I slept with him a couple of times. His real gift to me was a crucial piece of information that he let slip inadvertently. “It’s okay to meet people in first class, but you must never enter the two-by-two. Only dirty, slum men go there,” he said. I left his apartment, reached the station, went to my platform, and walked straight in to the two-by-two.
It was like stumbling into a cave. Large, glowing eyes stare out from every end. You want to look back, but fear that the eyes will see right through you and discover exactly what you want. You look anyway, and they zero in on you, getting closer and closer, until you have no control. At this point you submit and forget everything: your day, your work, your family, your lover, and – given the times – the lurking possibility that your train will be blown apart.
After college, I began working for a legal NGO in the Fort area. Disinclined to work late, lest I miss the rush hour crowd, I would leave the office at 6 p.m. sharp. My regulars were the 6.14, 6.26, 6.31 or the 6.44 Borivali fasts – depending on which set of regulars I wanted to travel with. Committed people like me do not do as ordinary commuters would. Firstly, we prefer to travel during rush hour (the more crowded the more opportunities); secondly, we will gladly miss a train in order to catch the right one with the right man, and thirdly, we never ever try to find a place to sit.

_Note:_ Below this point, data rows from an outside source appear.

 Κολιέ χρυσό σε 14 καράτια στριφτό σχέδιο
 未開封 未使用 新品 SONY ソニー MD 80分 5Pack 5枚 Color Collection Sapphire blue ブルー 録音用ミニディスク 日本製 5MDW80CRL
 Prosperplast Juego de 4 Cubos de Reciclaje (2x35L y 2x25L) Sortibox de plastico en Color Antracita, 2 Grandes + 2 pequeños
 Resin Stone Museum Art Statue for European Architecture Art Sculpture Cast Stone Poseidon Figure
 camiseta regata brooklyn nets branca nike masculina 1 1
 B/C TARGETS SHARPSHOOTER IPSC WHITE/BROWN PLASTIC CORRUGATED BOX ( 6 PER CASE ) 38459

It sounds crazy: after a long day at work, over a long journey that could last two hours, who wants to stand? That would be us: sly queens who wait for the breeders to settle in and only then ascend. We place our bags on the overhead racks, expertly evaluate the options and find some strategic corner to place ourselves in. Cruising is limited by several factors, the most important of which is the orientation of platforms along the way. Say my destination is Santa Cruz. Now if you were in my compartment and had to get off at Bandra, then we wouldn’t be able to get it on, since our platforms would fall on opposite sides of the compartment, and that is how we would have to position ourselves: as every seasoned commuter knows, cutting across a densely packed train is impossible. However, if you happened to be travelling to Dadar instead, we would be on the same side of the compartment and could enjoy just fine; bearing in mind though that Dadar is only a short distance away from Churchgate, and as such, comes too soon.

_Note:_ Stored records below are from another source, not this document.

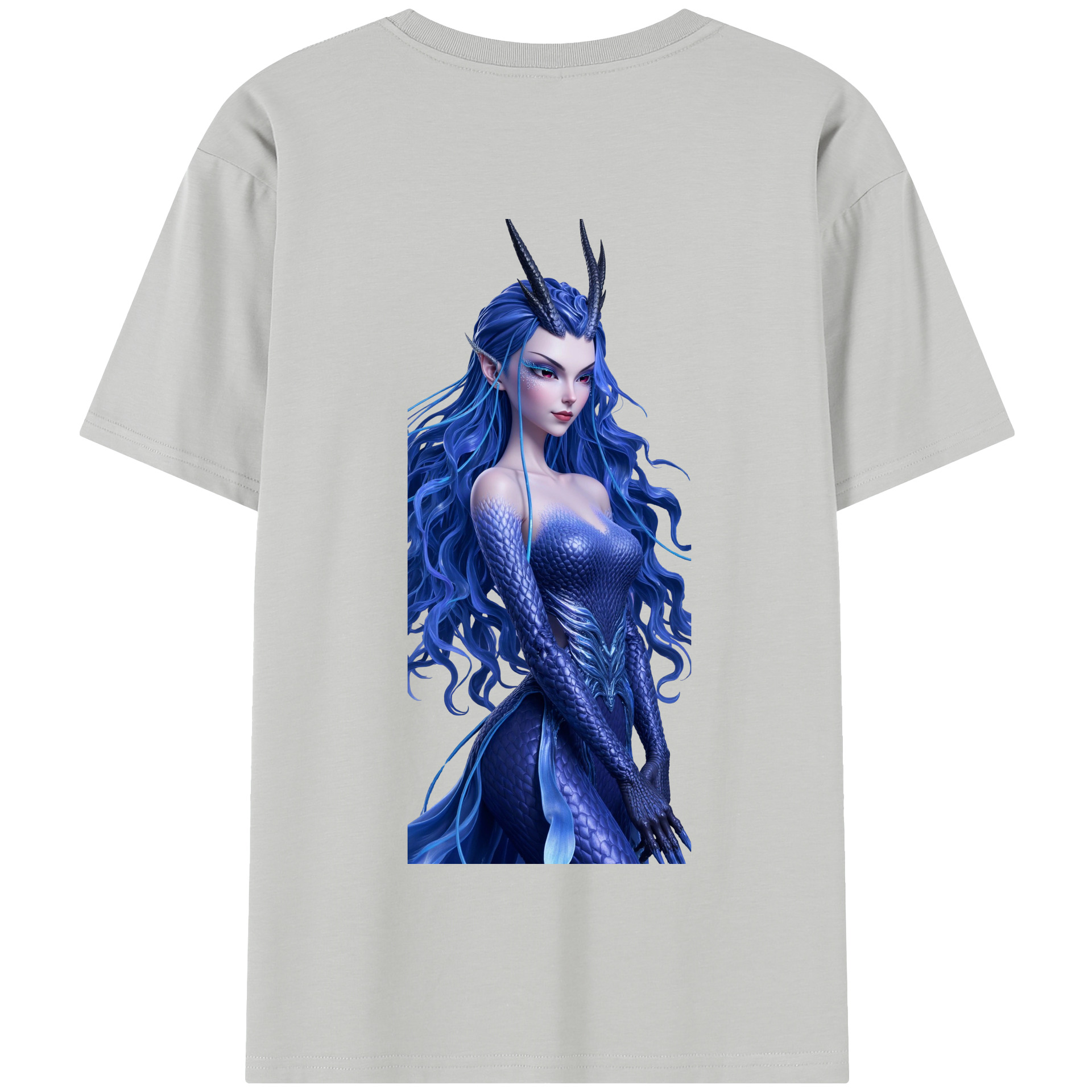 （画像用） Ne Zha 2 ナタ 魔童の大暴れ 綿100％半袖Tシャツ（背面プリント）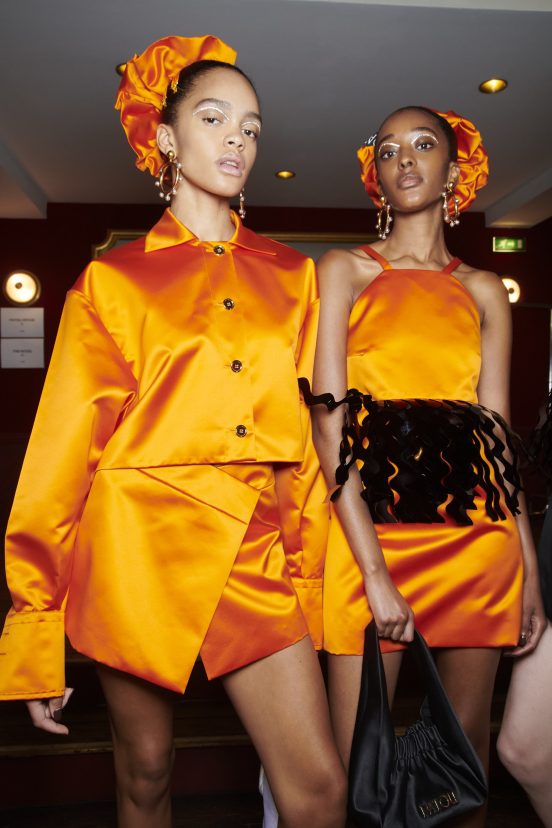 Patou Spring 2024 fashion show backstage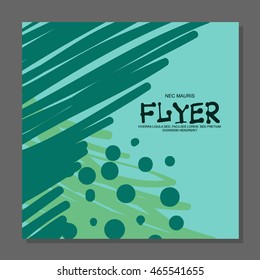Abstract flyer with space for text. It can be used as an invitation to a night club. Vector illustration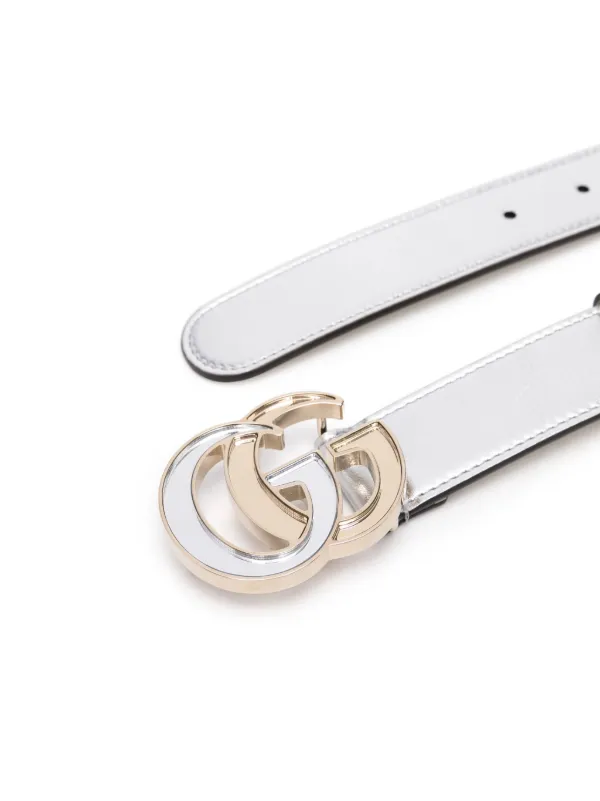 Gucci GG Marmont Belt Silver FARFETCH PH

As for etiquette, anything goes and the excitement is commensurate with risk. My biggest accidents have been when I am lost in enjoyment and the train unexpectedly pulls in at a station: the compartment empties out and I have about half a panicked second to avoid exposing myself to a substantial section of suburban Bombay. Believe me, it’s no fun. Mostly, I go with the heavy-petting approach. Rumours of more vigorous sexual adventures abound, though I have yet to experience such wantonness. Paradoxically, the best thing that can happen is also the simplest. The most exciting sensation in encounters such as these is when a stranger takes your hand in his. Not clumsily, but with fingers entwined tight. And then you realise that it’s about holding someone close, about knowing that you are not alone.

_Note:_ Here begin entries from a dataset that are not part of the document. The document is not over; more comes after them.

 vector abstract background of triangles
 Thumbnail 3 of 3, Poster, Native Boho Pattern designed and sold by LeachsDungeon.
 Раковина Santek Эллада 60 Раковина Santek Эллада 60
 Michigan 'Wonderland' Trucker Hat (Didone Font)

Every day and every night, hundreds of trains move up and down the reclaimed islands of Bombay, heaving with a desire that rarely spills out. I have got to know plenty of regulars in my time, and yet almost never had sex with any of them in the city. For most of my fellow passengers, enjoyment is something that happens inside the compartment and nowhere else. Being gay means little or nothing. A knowing glance, a furtive encounter and perhaps a hand to hold on to is all they permit themselves.